I rent cars when I go to furrin lands by cam (4.00 / 1) #2 Thu May 25, 2006 at 11:17:15 AM EST
it is like public transport, but more personalised, and goes where you want, when you want.

cam
Freedom, liberty, equity and an Australian Republic

You rent cars by komet (4.00 / 8) #3 Thu May 25, 2006 at 11:19:59 AM EST
that go into Alyson Hannigan's bedroom when she's masturbating?

--
<ni> komet: You are functionally illiterate as regards trashy erotica.
[ Parent ]
It doesn't tend to work well by aphrael (2.00 / 0) #6 Fri May 26, 2006 at 07:36:51 AM EST
if you're spending a lot of time in crowded urban cores with narrow windy streets.
If television is a babysitter, the internet is a drunk librarian who won't shut up.
[ Parent ]
I drove through Munich by cam (2.00 / 0) #10 Fri May 26, 2006 at 08:02:05 AM EST
Koblenz, Aachen, Heidelberg, Brugge, Ulm and a bunch of others.

cam
Freedom, liberty, equity and an Australian Republic

[ Parent ]
Re: which bus you have to take and where it stops by Greener (2.00 / 0) #4 Thu May 25, 2006 at 11:23:24 AM EST
But that's the part I'm good at.

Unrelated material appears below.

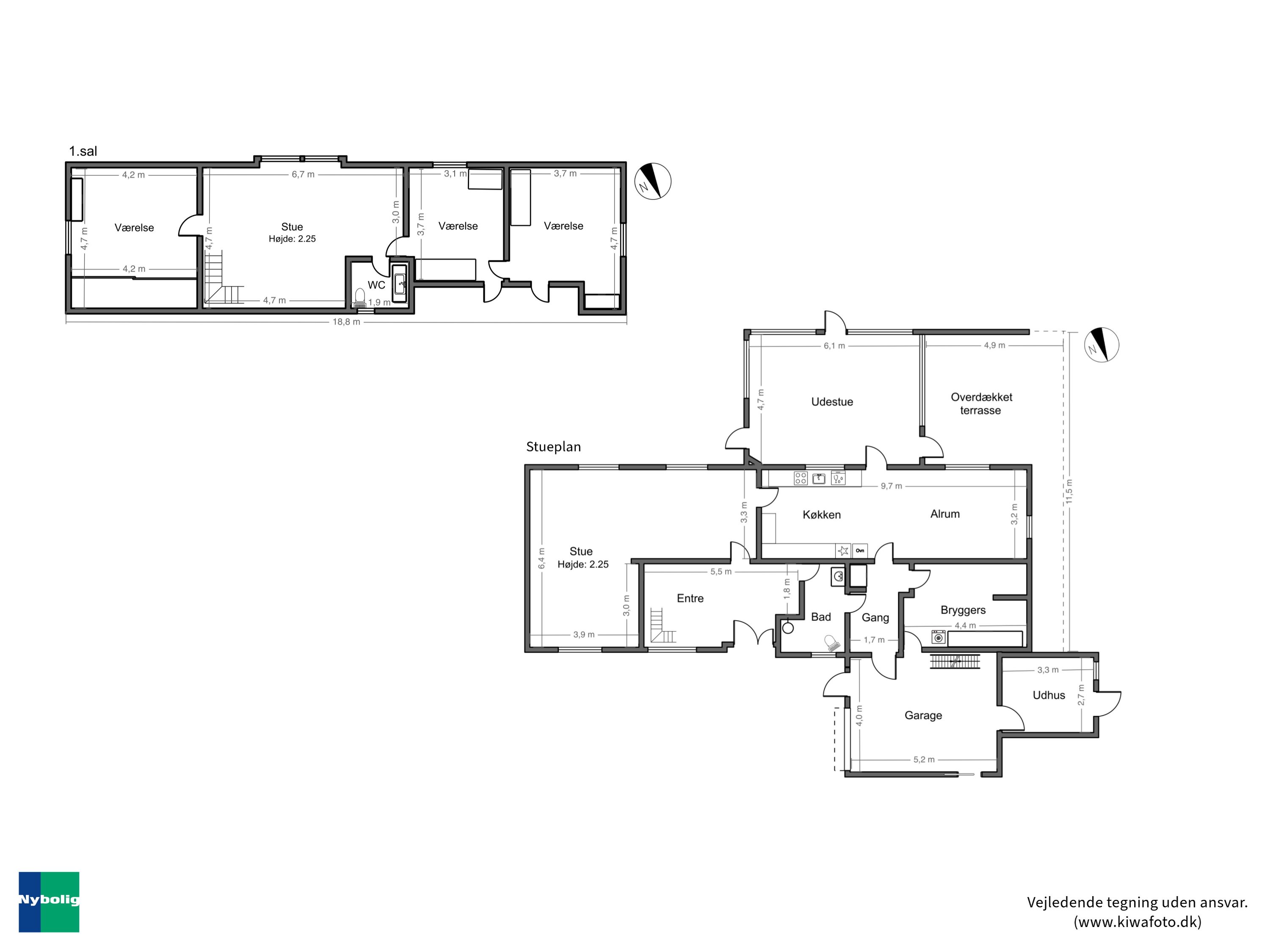 Plantegninger billede af Blansmosevej 9, 4952 Stokkemarke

I successfully managed to decipher public transit in 5 different European cities in the last 2 weeks. Plus the eastern European train network.

I think I'll be tackling Switzerland next year.

Have they fixed the prague metro yet? by aphrael (2.00 / 0) #7 Fri May 26, 2006 at 07:38:32 AM EST
When I was there ('98), the machines that sold you metro tickets were only in Czech, and the pattern of questions it asked was unintuitive. This caused tourists to be highly confused, and many would end up not getting tickets at all, whereupon they were fodder for the prague metro police (who only checked the tickets of obvious foreigners and then would issue them tickets/bribe demands).
If television is a babysitter, the internet is a drunk librarian who won't shut up.
[ Parent ]
I think they were still in Czech only by Greener (2.00 / 0) #9 Fri May 26, 2006 at 07:54:41 AM EST
but they were literally 'push the button for the ticket you want and insert money' and there were only three options. You couldn't buy a half fare luggage ticket from them though so the 'target the tourist' option was still available if you can't find a newsagent that sells them.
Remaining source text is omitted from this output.